Dalle’s Pick for The Next Big Thing L.A. punks The Bronx. “Like Black Flag Meets Led Zeppelin.”

THE DARKNESS

Personnel Frankie Poullain, bass; Dan Hawkins, guitar; Justin Hawkins, vocals/guitar; Ed Graham, drums

Formed 2000, London

Album Permission to Land (Atlantic, 2003)

What Hawkins Says They Sound Like [Sarcastically whispers] “’80s pastiche metal.”

What’s Next? In March, they’ll embark on their first major U.S. tour.

Hawkins’ Pick for The Next Big Thing London scuzz rockers Ted Benson. “I just think the bloke’s [Chris Teckkam’s] lyrics are amazing. He’s a really bright guy, but he comes across like a complete idiot, which is great. I love ‘Rock Cottage.’ I love the way he rhymes ‘rock cottage’ with ‘hot cottage.’ Which is the same word, obviously, and he says, ‘Yeah, you can’t beat a rhyme, can you?'”

THURSDAY

Personnel Tom Keeley, guitar; Tucker Rule, drums; Geoff Rickly, vocals; Steve Padulla, guitar; Tim Payne, bass

Formed 1998, New Brunswick, New Jersey

Albums Waiting (Eyeball, 1999); Full Collapse (Victory, 2001); War All The Time (Island, 2003)

What Rickly Says They Sound Like “It’s music that came from hardcore. It has a lot of new-wave influence. Contentwise, it’s really passionate, honest, and urgent.”

What’s Next? They’re touring with AFI through early April, then headlining the summer’s Vans Warped Tour.

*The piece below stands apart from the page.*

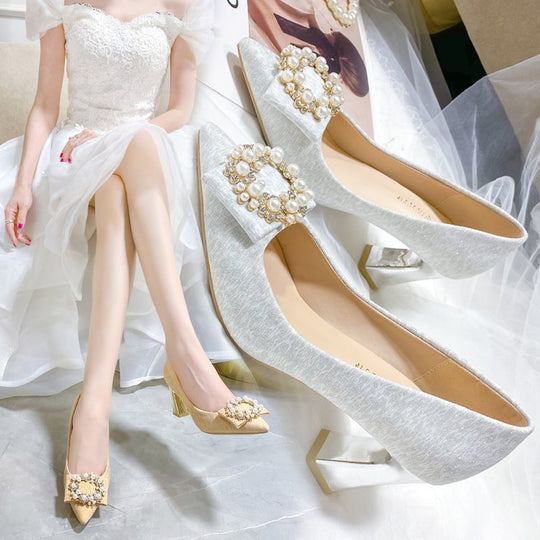 Damen elegante High Heels mit perlbesetztem Schleifenakzent und blockiertem Absatz R&B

Rickly’s Pick for The Next Big Thing Omaha emo art rockers Cursive. “They are just amazing, and I think they are making more and more of an impact. Hopefully, it’ll come to a boiling point soon.” ■ DOUG BROD & MARC SPITZ

KANYE WEST

Jay-Z’s favorite producer shows off his own rhyme skills

Kanye West has success written all over him. With a list of his more memorable production jobs literally tattooed onto his forearm and an iced-out Roc-A-Fella logo medallion dangling from his neck, it’d be hard to peg him as an underdog. But despite being the favored beat-smith of everyone from Jay-Z to Talib Kweli to Ludacris; despite having several mix tapes that showcase his ever-improving lyrical abilities burning up the underground; despite the fact that his debut album, The College Dropout, has been ready for release since fall 2003; despite his first solo single, the Chaka Khan—sampling “Through the Wire,” getting play on MTV2, West is still working like an unproven outsider.

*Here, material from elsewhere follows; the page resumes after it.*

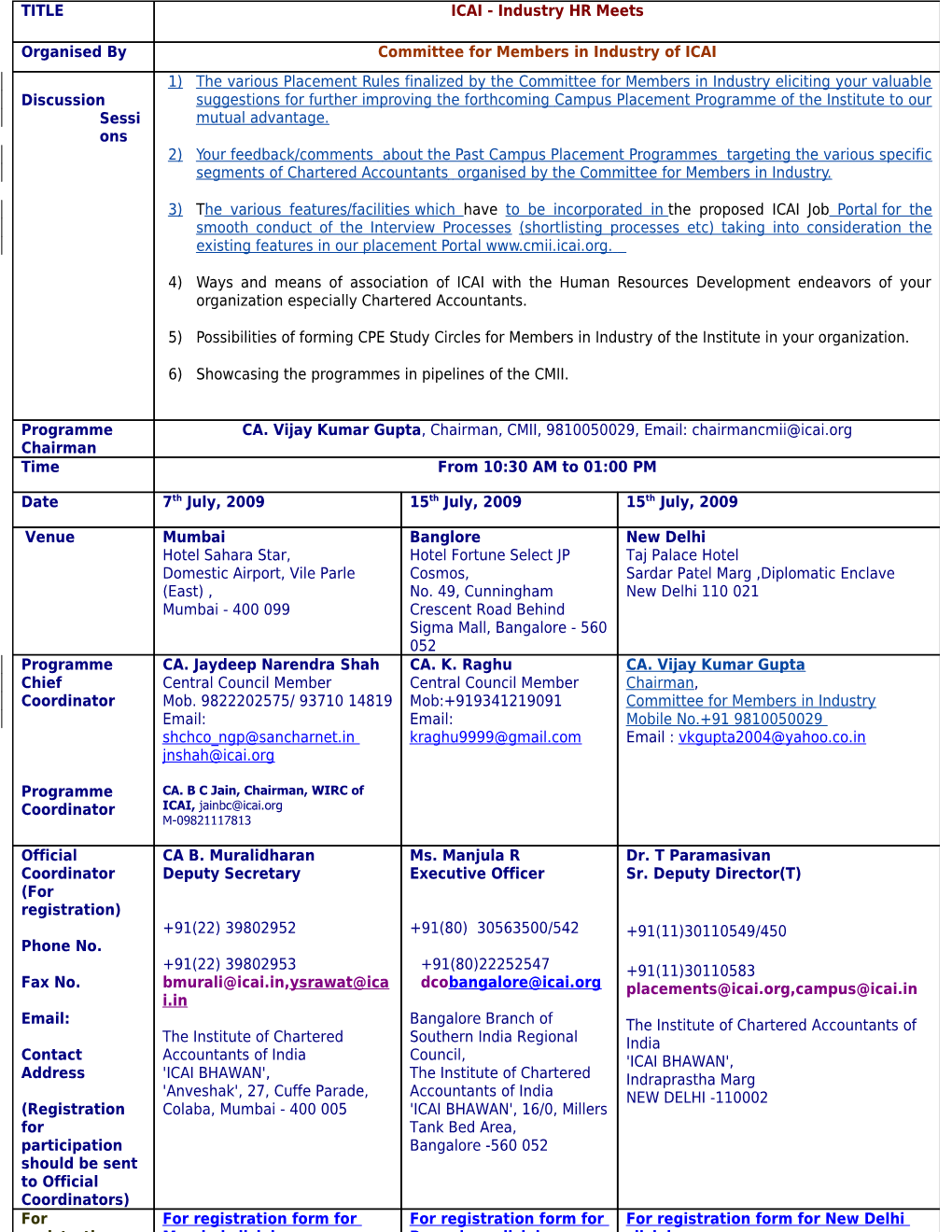 ICAI - Industry HR Meets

“I paid for my video,” he says. “I got an independent promoter to help get radio spins. I wanted to get it to the point where Def Jam would say, ‘Okay, we gotta get behind this.'”

If his record company (technically Roc-A-Fella/Def Jam) needs any convincing, it may have something to do with the confusion over how exactly to market the 26-year-old Chicago native—bling or backpack? As a producer, West provided the felonious thump for tracks like the bruising Beanie Sigel anthem “The Truth,” but his solo material tends to be somewhat more conscious.

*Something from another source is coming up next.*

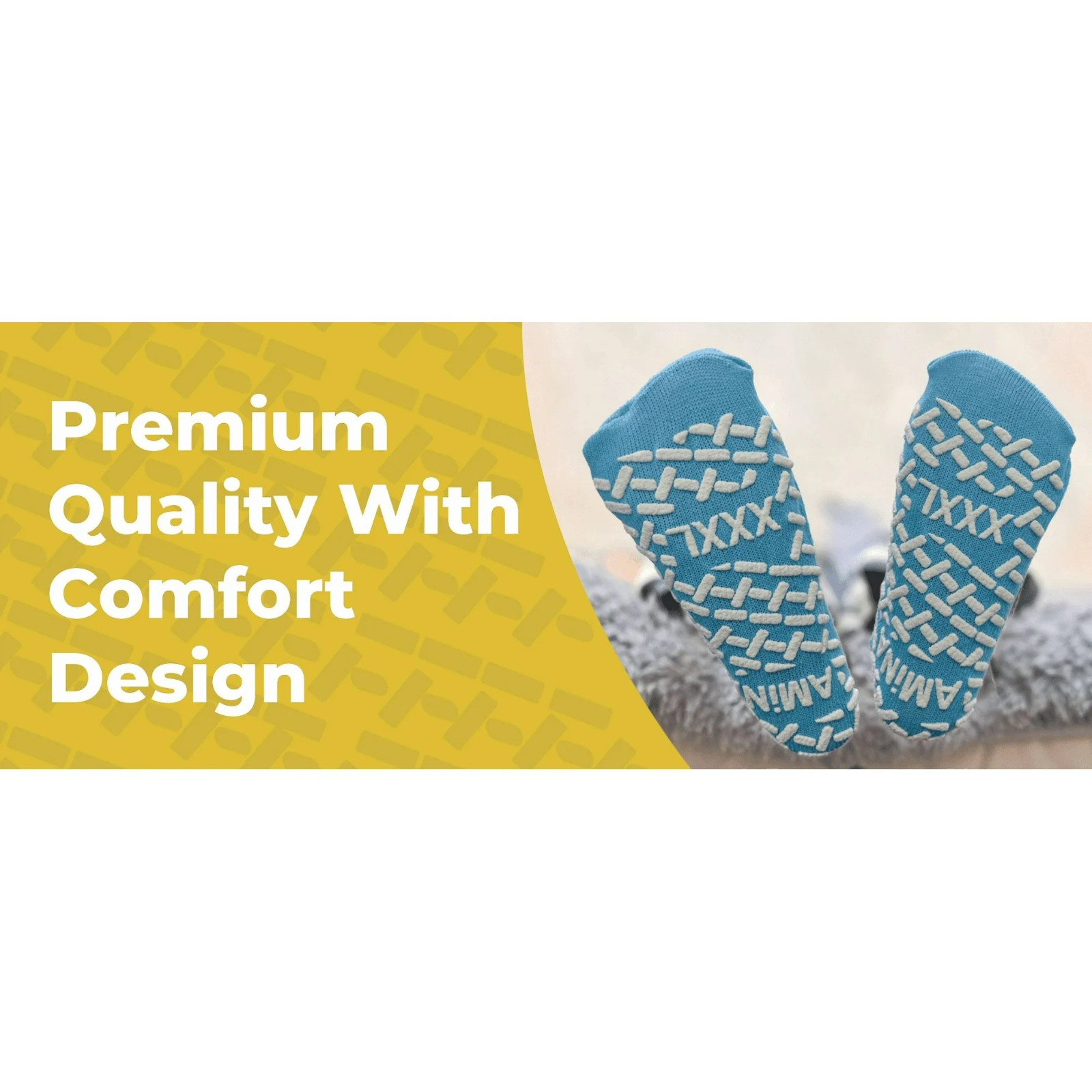 3 Pairs McKesson Bariatric Single Sided Slipper Socks Extra Wide Royal Blue.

“I’m one of the only rappers who has both his parents and all his grandparents still alive,” he says. “My father was a Black Panther. My grandparents were involved in civil-rights marches. So I have a responsibility to reflect them.”

West does his roots justice on such tracks as “Jesus Walks” and “Breathe In Breathe Out,” which tackle spiritual faith and materialism. “I want people to scream these songs back at me,” he says. “I want to bring back the feeling for people. Like the feeling I had when I had Saturday detention back in school and I would pop in [A Tribe Called Quest’s] The Low End Theory.”

That’s a high standard, but West is primed. “I love the challenge,” he says. “I do music for the sake of showing off. I got the Harlem Boys Choir [on the song “Two Words”] not just because they sound good, but because I could. Some people are like that with cars, like, ‘Look what the fuck I got.’ I’m like that with music, like, ‘Look what the fuck I did.'” CHRIS RYAN

(Kanye West; Photo Credit: Dimitrios Kambouris/Getty Images)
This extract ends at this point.